[[ DATA FOR THE TASK open ]]

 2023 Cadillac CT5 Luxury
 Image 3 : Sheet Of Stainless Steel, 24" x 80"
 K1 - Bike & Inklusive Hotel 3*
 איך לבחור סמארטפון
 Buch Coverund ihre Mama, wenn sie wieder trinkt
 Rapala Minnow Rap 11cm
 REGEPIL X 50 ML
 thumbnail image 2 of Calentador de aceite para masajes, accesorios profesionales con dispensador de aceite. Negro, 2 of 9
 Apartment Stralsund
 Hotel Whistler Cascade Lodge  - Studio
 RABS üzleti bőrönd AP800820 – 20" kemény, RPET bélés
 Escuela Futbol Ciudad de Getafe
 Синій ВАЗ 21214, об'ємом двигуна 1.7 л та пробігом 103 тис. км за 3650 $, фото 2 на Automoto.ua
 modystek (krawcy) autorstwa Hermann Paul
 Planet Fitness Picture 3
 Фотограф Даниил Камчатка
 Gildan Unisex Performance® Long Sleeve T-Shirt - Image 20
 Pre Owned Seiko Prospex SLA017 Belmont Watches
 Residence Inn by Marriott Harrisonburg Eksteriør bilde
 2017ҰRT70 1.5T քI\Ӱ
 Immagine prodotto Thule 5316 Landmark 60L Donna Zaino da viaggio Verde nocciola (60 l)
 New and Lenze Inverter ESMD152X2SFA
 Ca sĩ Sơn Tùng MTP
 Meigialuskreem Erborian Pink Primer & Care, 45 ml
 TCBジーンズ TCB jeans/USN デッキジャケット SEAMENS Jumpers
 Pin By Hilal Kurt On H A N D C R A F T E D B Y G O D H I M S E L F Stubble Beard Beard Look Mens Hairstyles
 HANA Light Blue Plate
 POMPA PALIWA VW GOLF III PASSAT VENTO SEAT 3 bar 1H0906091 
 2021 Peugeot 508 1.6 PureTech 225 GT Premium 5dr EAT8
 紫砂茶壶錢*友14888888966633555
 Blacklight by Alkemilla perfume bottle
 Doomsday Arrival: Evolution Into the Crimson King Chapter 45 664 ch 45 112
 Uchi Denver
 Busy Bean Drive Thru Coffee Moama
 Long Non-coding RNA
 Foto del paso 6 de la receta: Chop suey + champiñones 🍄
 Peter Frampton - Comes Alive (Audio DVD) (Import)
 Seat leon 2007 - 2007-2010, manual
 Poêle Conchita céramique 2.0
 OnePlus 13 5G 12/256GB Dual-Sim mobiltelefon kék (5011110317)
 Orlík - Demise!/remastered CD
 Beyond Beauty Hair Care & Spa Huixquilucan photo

[[ DATA FOR THE TASK closed ]]

* EXERCISE INSTRUCTIONS *
Your reply should consist of the records, duplicated exactly.

* TASK RESPONSE *
 2023 Cadillac CT5 Luxury
 Image 3 : Sheet Of Stainless Steel, 24" x 80"
 K1 - Bike & Inklusive Hotel 3*
 איך לבחור סמארטפון
 Buch Coverund ihre Mama, wenn sie wieder trinkt
 Rapala Minnow Rap 11cm
 REGEPIL X 50 ML
 thumbnail image 2 of Calentador de aceite para masajes, accesorios profesionales con dispensador de aceite. Negro, 2 of 9
 Apartment Stralsund
 Hotel Whistler Cascade Lodge  - Studio
 RABS üzleti bőrönd AP800820 – 20" kemény, RPET bélés
 Escuela Futbol Ciudad de Getafe
 Синій ВАЗ 21214, об'ємом двигуна 1.7 л та пробігом 103 тис. км за 3650 $, фото 2 на Automoto.ua
 modystek (krawcy) autorstwa Hermann Paul
 Planet Fitness Picture 3
 Фотограф Даниил Камчатка
 Gildan Unisex Performance® Long Sleeve T-Shirt - Image 20
 Pre Owned Seiko Prospex SLA017 Belmont Watches
 Residence Inn by Marriott Harrisonburg Eksteriør bilde
 2017ҰRT70 1.5T քI\Ӱ
 Immagine prodotto Thule 5316 Landmark 60L Donna Zaino da viaggio Verde nocciola (60 l)
 New and Lenze Inverter ESMD152X2SFA
 Ca sĩ Sơn Tùng MTP
 Meigialuskreem Erborian Pink Primer & Care, 45 ml
 TCBジーンズ TCB jeans/USN デッキジャケット SEAMENS Jumpers
 Pin By Hilal Kurt On H A N D C R A F T E D B Y G O D H I M S E L F Stubble Beard Beard Look Mens Hairstyles
 HANA Light Blue Plate
 POMPA PALIWA VW GOLF III PASSAT VENTO SEAT 3 bar 1H0906091 
 2021 Peugeot 508 1.6 PureTech 225 GT Premium 5dr EAT8
 紫砂茶壶錢*友14888888966633555
 Blacklight by Alkemilla perfume bottle
 Doomsday Arrival: Evolution Into the Crimson King Chapter 45 664 ch 45 112
 Uchi Denver
 Busy Bean Drive Thru Coffee Moama
 Long Non-coding RNA
 Foto del paso 6 de la receta: Chop suey + champiñones 🍄
 Peter Frampton - Comes Alive (Audio DVD) (Import)
 Seat leon 2007 - 2007-2010, manual
 Poêle Conchita céramique 2.0
 OnePlus 13 5G 12/256GB Dual-Sim mobiltelefon kék (5011110317)
 Orlík - Demise!/remastered CD
 Beyond Beauty Hair Care & Spa Huixquilucan photo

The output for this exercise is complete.